» **Data segment**:
......

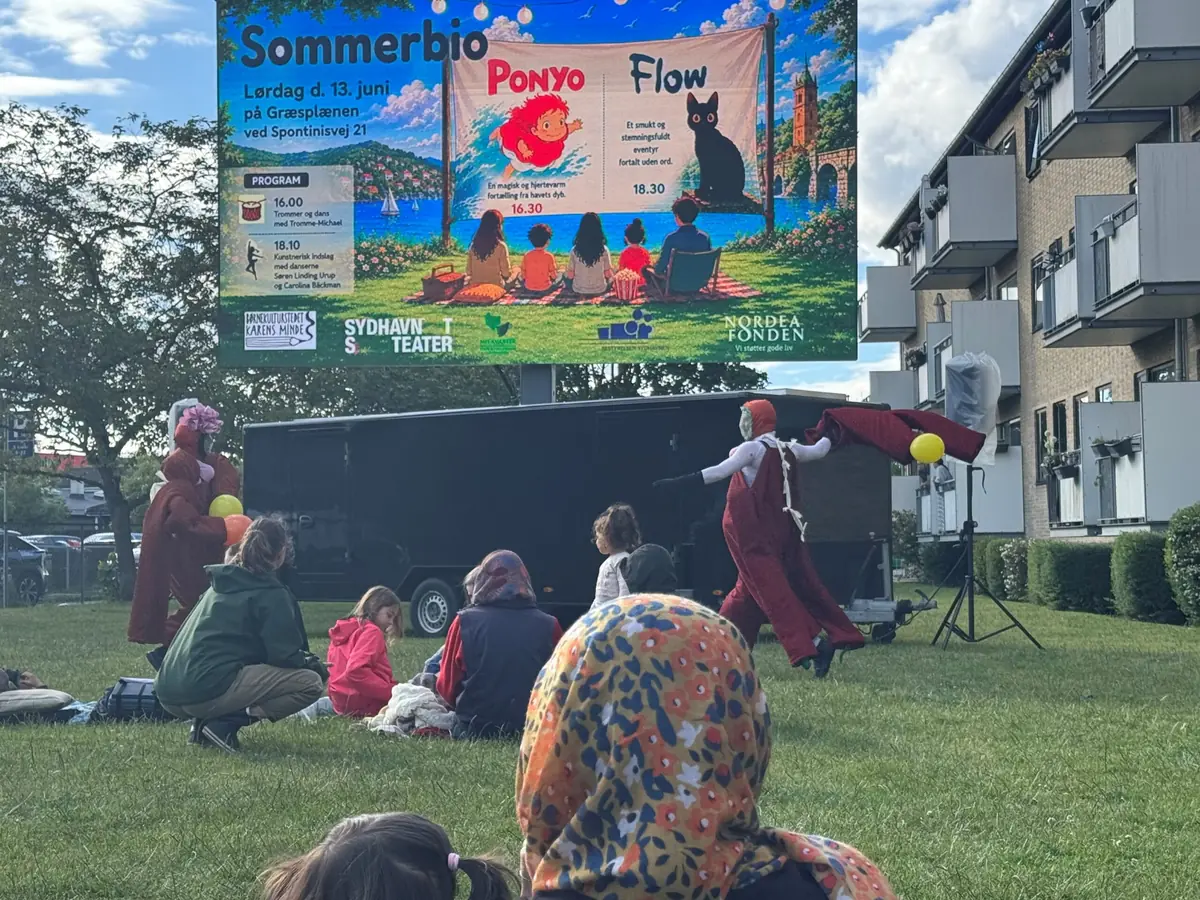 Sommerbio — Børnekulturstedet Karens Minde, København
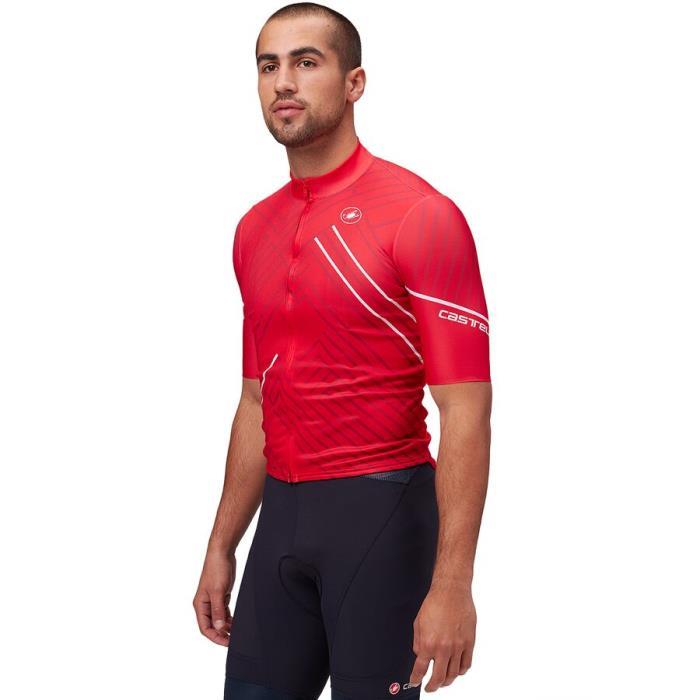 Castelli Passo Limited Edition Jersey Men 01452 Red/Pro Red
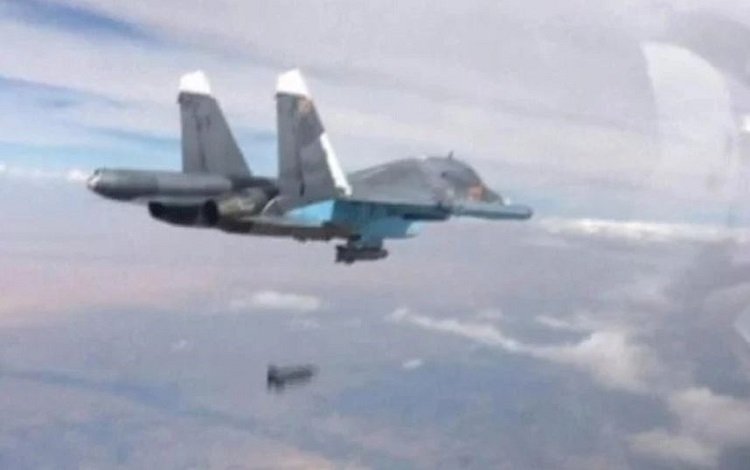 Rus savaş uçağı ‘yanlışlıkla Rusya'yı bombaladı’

......

» **Action item**:
Repeat the data exactly, without the pictures.

» **Answer below**:
 Sommerbio — Børnekulturstedet Karens Minde, København
 Castelli Passo Limited Edition Jersey Men 01452 Red/Pro Red
 Rus savaş uçağı ‘yanlışlıkla Rusya'yı bombaladı’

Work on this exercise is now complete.